Publicatiedatum: 25 juni 2024
Heeft u wel eens geneesmiddelen voorgeschreven gekregen, waarvan u onverwachte bijwerkingen had of waar u gewoon helemaal niets aan had? Zo ja, u bent niet de enige. “Elk mens heeft een unieke genetische code (DNA). Door de verschillen in het DNA kan de ene persoon meer bijwerkingen van een geneesmiddel ervaren dan de andere, of kan een geneesmiddel soms minder goed werken”, vertelt Rik Ensing poliklinisch apotheker bij apotheek De Brug.

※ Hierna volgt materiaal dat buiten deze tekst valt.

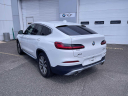 Thumbnail image of 2019 BMW X4 at BMW Mini of Freeport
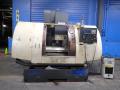 Johnford 20" X 48" CNC VMC - Sv-45
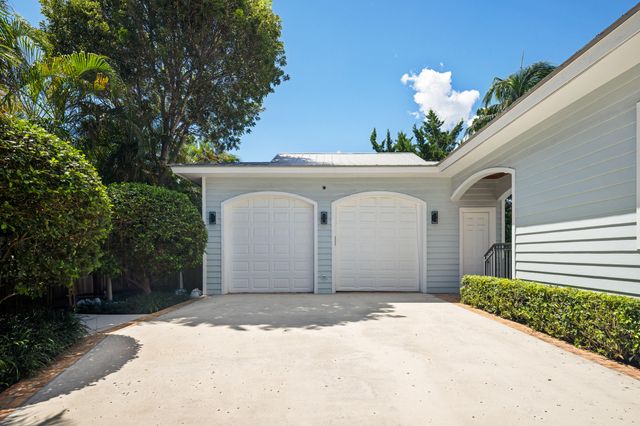 1002 NW 1ST Avenue, Delray Beach, FL 33444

Rik vervolgt: “Met een farmacogenetica test, onderzoeken we bepaalde genen van een patiënt om in te schatten hoe het lichaam voorgeschreven geneesmiddelen afbreekt. Op basis hiervan kunnen apotheker en huisarts bepalen welke geneesmiddelen en doseringen voor de patiënt veilig en effectief zijn. Deze informatie komt in het DNA-paspoort”.
Hoe werkt het?
Rik: “De apothekers van alle gezondheidscentra kunnen een selectie maken uit hun systeem waarmee mensen kunnen worden uitgenodigd of geattendeerd op het DNA-paspoort. Natuurlijk kunnen mensen zichzelf ook melden bij de apotheken voor deze service. Het DNA-paspoort is met name interessant voor mensen die al geneesmiddelen gebruiken (bij chronische ziekten), maar het kunnen ook mensen zijn die gaan starten met geneesmiddelen en willen weten wat het risico op bijwerkingen zijn of hoe effectief een geneesmiddel is”. Na het aanvragen van een DNA-paspoort bij externe partij PanGenix, ontvangt de patiënt een DNA speekselkit waarmee speeksel kan worden verzameld. Na speekselafname stuurt de patiënt dit retour waarna er een analyse van het speeksel plaatsvindt. Vier weken later ontvangt de patiënt een uitgebreide uitslag waarna er een fysiek of online gesprek plaats vindt voor uitleg over de testresultaten in relatie tot geneesmiddelengebruik.